Concerns about safety in Philippines rise after kidnapping
Strengthened judicial, law enforcement cooperation needed to combat crime: expert
Published: Jul 03, 2024 10:22 PM
A screenshot from the Chinese Embassy in the Philippines

A screenshot from the Chinese Embassy in the Philippines

The recent kidnapping and murder of a Chinese national and a Chinese-American in the Philippines has raised security concerns among those involved in activities with the country, such as business cooperation. Observers are calling on the Philippines to combat illegal activities effectively and strengthen bilateral judicial and law enforcement cooperation.

After the kidnapping took place, the Chinese Embassy in the Philippines stayed in close touch with the Philippine side and urged it to make every possible effort to work on the case and take effective measures to protect the safety of Chinese nationals in the Philippines, Chinese Foreign Ministry spokesperson Mao Ning said at Tuesday's press briefing.

The embassy on Tuesday urged the Philippines to thoroughly investigate the case, calling for the swift arrest and punishment of the perpetrators.

A police official said that Philippine authorities have identified persons of interest linked to the kidnapping case, the Philippine News Agency reported on Wednesday.

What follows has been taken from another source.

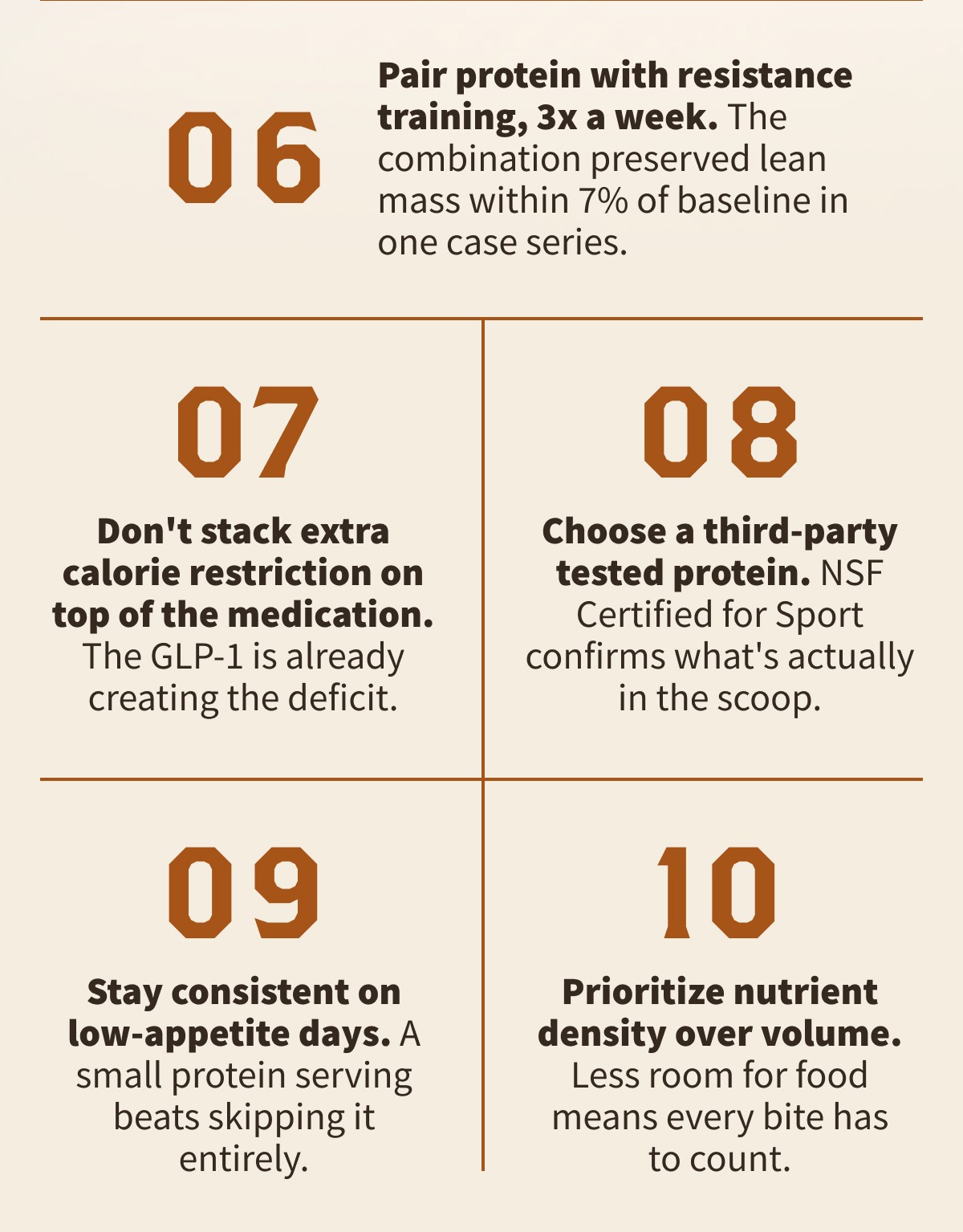 06 Pair protein with resistance training, 3x a week. The combination preserved lean mass within 7% of baseline in one case series.  07 Don't stack extra calorie restriction on top of the medication. The GLP-1 is already creating the deficit.  08 Choose a third-party tested protein. NSF Certified for Sport confirms what's actually in the scoop.  09 Stay consistent on low-appetite days. A small protein serving beats skipping it entirely.  10 Prioritize nutrient density over volume. Less room for food means every bite has to count.
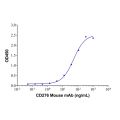 Recombinant Human B7-H3(4Ig)/B7-H3b Protein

A Chinese national and a Chinese-American arrived in the Philippines on June 20 to meet with other Chinese nationals for a business venture, but later they were kidnapped by an unknown group. The wife of one of the victims received a ransom demand for 5 million yuan ($687,435), which was negotiated down to 3 million yuan. The money was sent, but the families did not hear from the suspects again, according to the report, citing the police official.

The two victims, from different medical facility companies, were found murdered on June 24, according to media reports.

Several medical industry insiders have said that Chinese medical companies may face temporary challenges when expanding into Southeast Asia, according to Chinese media outlet Yicai. The incident is expected to have a direct impact on the business travel market in the short term, leading to a decrease in business travelers, according to Yicai.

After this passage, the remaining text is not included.